ORLANDO, Fla. — CIOs have long been trusted to steer technology adoption for their organizations, highlighting valuable use cases as they go. But the influx of AI tools into the workplace, sometimes through unauthorized channels, has become a major challenge.
Fewer than half of businesses have standardized AI governance policies in place, according to Collibra data, and access to employee AI training is lagging across the workforce.
Just like with any other workplace tool, employees need training before they can reap value from AI, according to Guy Fruda, chief customer experience officer at professional services provider Deloitte.
“If you don't teach people how to take advantage of it and learn how to use it, it's no different than if you gave me a chisel and a hammer and a piece of marble and said: 'Create something,'” Fruda said, speaking last month during the Gartner IT Symposium/Xpo. “You wouldn't want to look at it, let alone buy it.”
Pressed to successfully deploy AI, executives are working to prioritize use cases, stand up tailored training opportunities and promote broader experimentation. Amid adoption efforts, concerns about AI's accuracy and safety linger, pushing executives to develop guardrails to curb risks.
At manufacturing firm Jabil, SVP and CIO May Yap established a unique governing body to guide deployment.
“We have set up what we call an AI and Data Council where I handpicked senior people from every function, including business, operations, HR, finance and legal,” said Yap during a session at the conference.
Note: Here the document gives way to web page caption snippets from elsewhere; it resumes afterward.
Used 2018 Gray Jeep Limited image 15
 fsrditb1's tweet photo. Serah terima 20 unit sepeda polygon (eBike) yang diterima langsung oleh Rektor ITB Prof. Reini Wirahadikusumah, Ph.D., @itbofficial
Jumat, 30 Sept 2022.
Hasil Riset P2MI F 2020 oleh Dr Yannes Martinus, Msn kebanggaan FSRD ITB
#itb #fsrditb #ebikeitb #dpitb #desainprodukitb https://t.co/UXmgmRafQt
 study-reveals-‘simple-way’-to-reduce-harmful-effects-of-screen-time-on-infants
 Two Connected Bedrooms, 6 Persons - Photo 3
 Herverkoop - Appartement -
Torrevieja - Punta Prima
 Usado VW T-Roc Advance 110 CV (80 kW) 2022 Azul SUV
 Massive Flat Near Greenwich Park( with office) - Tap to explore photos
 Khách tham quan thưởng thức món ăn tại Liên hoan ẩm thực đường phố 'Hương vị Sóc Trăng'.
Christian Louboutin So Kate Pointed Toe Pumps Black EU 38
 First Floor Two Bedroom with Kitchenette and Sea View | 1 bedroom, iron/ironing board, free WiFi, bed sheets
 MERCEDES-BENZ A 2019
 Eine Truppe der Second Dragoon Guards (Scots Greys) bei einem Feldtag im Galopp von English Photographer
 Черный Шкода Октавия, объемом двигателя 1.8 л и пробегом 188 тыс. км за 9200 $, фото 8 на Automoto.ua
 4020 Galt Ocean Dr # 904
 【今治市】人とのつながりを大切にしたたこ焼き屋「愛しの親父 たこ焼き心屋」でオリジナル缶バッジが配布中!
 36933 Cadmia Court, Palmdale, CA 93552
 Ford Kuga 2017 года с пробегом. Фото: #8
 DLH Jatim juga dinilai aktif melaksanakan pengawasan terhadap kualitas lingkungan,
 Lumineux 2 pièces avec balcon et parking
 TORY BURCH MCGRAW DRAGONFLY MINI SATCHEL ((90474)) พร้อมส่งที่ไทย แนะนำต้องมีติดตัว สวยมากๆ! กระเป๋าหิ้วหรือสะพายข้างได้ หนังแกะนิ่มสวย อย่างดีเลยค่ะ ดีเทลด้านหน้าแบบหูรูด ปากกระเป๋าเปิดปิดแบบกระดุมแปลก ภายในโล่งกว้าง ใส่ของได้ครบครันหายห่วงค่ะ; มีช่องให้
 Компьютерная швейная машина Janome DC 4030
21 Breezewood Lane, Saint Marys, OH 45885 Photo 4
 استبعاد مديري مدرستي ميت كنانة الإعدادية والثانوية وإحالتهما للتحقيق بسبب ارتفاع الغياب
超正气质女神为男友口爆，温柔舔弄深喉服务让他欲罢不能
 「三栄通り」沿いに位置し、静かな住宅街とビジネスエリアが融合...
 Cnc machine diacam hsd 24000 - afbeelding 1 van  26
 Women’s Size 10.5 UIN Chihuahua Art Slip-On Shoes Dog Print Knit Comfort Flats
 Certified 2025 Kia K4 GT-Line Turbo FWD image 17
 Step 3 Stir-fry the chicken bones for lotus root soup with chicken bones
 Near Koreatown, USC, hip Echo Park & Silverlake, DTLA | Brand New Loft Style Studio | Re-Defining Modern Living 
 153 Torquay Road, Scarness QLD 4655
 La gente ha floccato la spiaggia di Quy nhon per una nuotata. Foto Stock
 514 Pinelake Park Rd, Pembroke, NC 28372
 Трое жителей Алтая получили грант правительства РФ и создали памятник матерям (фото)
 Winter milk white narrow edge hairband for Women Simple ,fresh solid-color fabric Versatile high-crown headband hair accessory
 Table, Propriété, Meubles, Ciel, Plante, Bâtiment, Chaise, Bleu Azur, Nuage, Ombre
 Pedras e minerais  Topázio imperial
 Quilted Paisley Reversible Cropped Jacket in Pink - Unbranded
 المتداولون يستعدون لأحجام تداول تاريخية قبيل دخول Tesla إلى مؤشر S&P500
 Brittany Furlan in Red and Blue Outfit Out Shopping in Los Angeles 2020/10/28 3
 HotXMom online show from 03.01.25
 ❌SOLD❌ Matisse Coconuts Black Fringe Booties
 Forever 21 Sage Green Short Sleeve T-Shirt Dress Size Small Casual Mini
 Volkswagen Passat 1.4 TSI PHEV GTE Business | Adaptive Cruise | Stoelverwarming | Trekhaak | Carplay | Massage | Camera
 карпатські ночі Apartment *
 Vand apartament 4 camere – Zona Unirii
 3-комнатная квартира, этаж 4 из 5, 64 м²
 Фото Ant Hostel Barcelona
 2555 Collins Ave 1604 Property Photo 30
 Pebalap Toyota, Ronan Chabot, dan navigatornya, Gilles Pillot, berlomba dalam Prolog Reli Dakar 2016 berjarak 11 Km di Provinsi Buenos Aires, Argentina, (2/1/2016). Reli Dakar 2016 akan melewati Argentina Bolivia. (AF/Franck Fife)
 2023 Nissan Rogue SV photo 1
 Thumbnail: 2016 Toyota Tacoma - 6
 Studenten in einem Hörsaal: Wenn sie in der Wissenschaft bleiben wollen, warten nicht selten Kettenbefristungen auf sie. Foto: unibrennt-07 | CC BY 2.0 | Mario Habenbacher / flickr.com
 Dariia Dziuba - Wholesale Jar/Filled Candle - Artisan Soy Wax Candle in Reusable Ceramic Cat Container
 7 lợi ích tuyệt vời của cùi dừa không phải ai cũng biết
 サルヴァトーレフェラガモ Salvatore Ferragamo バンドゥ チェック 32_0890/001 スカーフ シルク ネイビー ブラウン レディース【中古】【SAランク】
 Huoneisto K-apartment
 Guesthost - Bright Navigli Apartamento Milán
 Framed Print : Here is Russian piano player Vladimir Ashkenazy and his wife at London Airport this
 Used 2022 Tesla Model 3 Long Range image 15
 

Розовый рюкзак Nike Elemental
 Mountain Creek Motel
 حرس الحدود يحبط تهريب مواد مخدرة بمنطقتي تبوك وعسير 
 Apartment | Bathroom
The group established three key areas for investments: computer vision, machine learning for forecasting and generative AI.
Clear use cases that align with corporate strategy have helped accelerate deployment of AI at the manufacturing company.
“We need to have the business case in mind,” Yap said. “We need to know what kind of business problem, what kind of business opportunities I'm trying to solve for the organization.”
Training and guardrails
To accelerate AI use, Deloitte added AI training into its leadership development program, called Deloitte University. In addition, the firm is putting in place specific instruction for agentic AI, designed to help workers understand which tools to use for what purpose, according to Fruda.
The firm has also sought out ways to let workers learn and experiment while curbing risks, Fruda said.
“We created our own agent, which we call Sidekick,” said Fruda. “The idea is that it's behind more firewalls, and it's more protected, so people are able to explore and use that agent … without worrying about Deloitte's data or our client's data.”
With concerns swirling around AI accuracy, one priority in adoption efforts for Art Thompson, CIO for the City of Detroit, is to ensure that workers remain vigilant about inaccurate outputs.
“I'm a little bit more of a naysayer,” said Thompson in reference to AI. “The biggest thing for us is making sure we're creating a common narrative and we're all talking about the same thing.”
Ultimately, concrete use cases that help boost productivity are most effective at broadening employee use of AI tools, according to Fruda.
“You're getting 15 to 20 calls a day from people that need to reset their passwords,” Fruda said. “Why wouldn't you want to move the mundane and repetitive work to an agent that can help solve that so you can focus on the important things?”